### Required work
In the entries below, repeat only the lines between those holding "nagaur wild life" and "Buy cheap Fully", inclusive. Leave pictures out.

### Recorded data

____

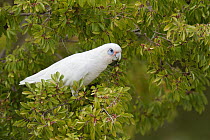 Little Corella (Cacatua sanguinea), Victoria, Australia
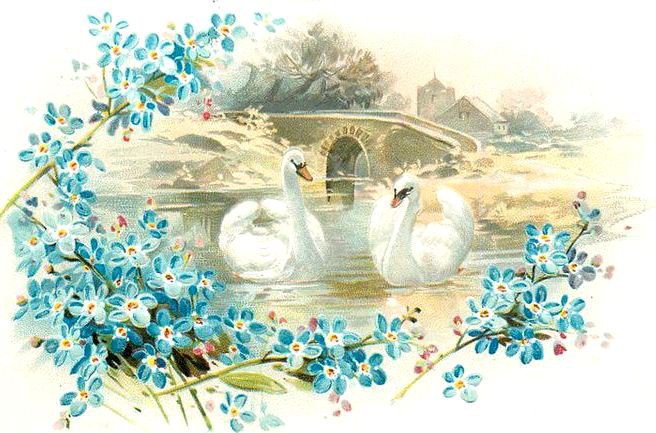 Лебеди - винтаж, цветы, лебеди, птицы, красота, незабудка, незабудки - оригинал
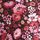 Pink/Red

____

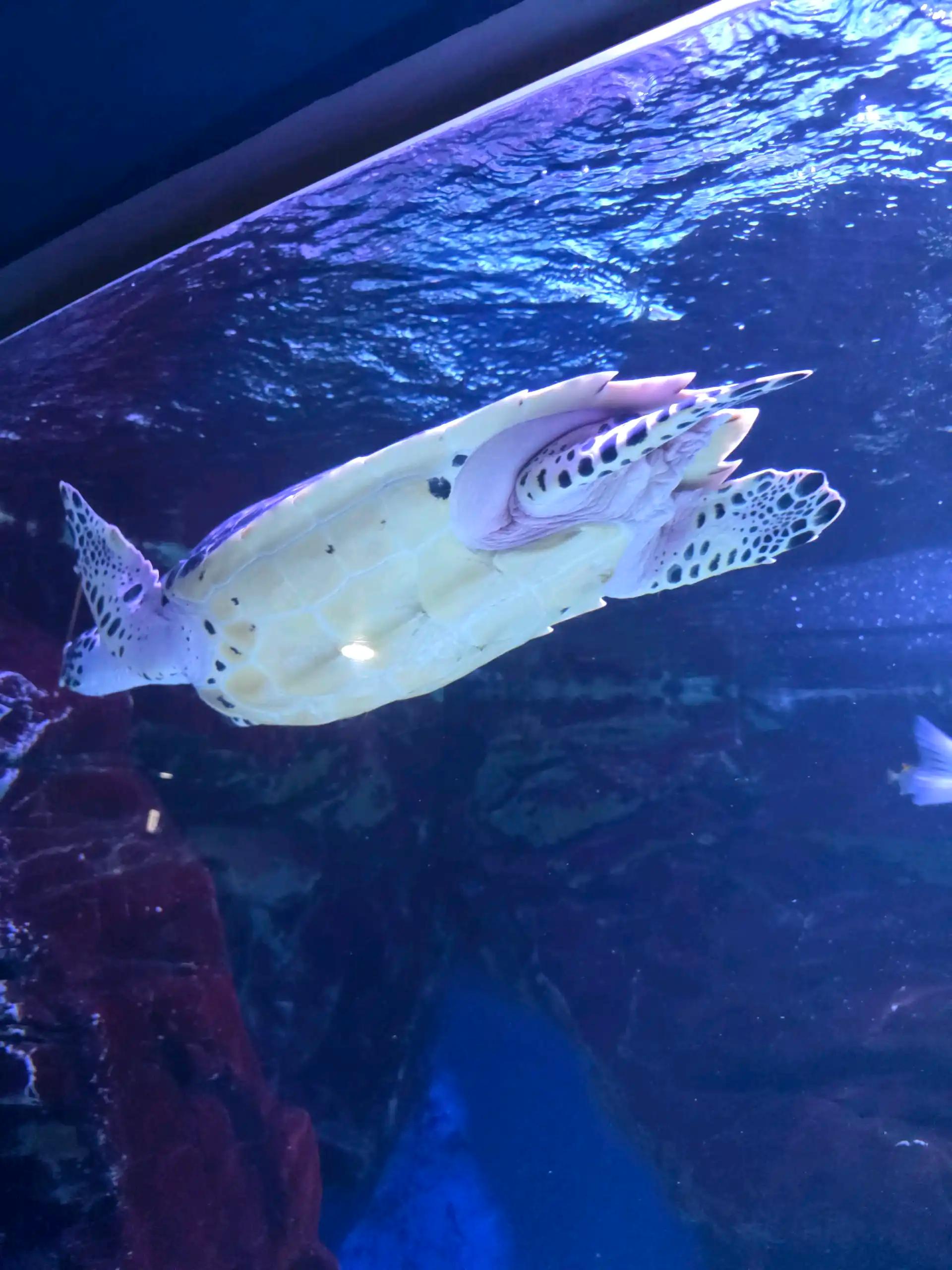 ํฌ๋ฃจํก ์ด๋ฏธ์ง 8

____

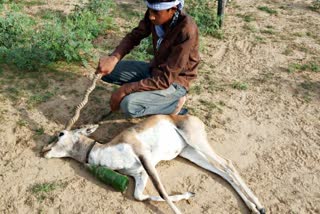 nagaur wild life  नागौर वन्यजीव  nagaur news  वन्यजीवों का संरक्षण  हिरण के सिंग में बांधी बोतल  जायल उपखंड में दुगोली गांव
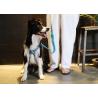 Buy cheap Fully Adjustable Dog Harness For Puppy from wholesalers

____

### Solution to this problem
 nagaur wild life  नागौर वन्यजीव  nagaur news  वन्यजीवों का संरक्षण  हिरण के सिंग में बांधी बोतल  जायल उपखंड में दुगोली गांव
 Buy cheap Fully Adjustable Dog Harness For Puppy from wholesalers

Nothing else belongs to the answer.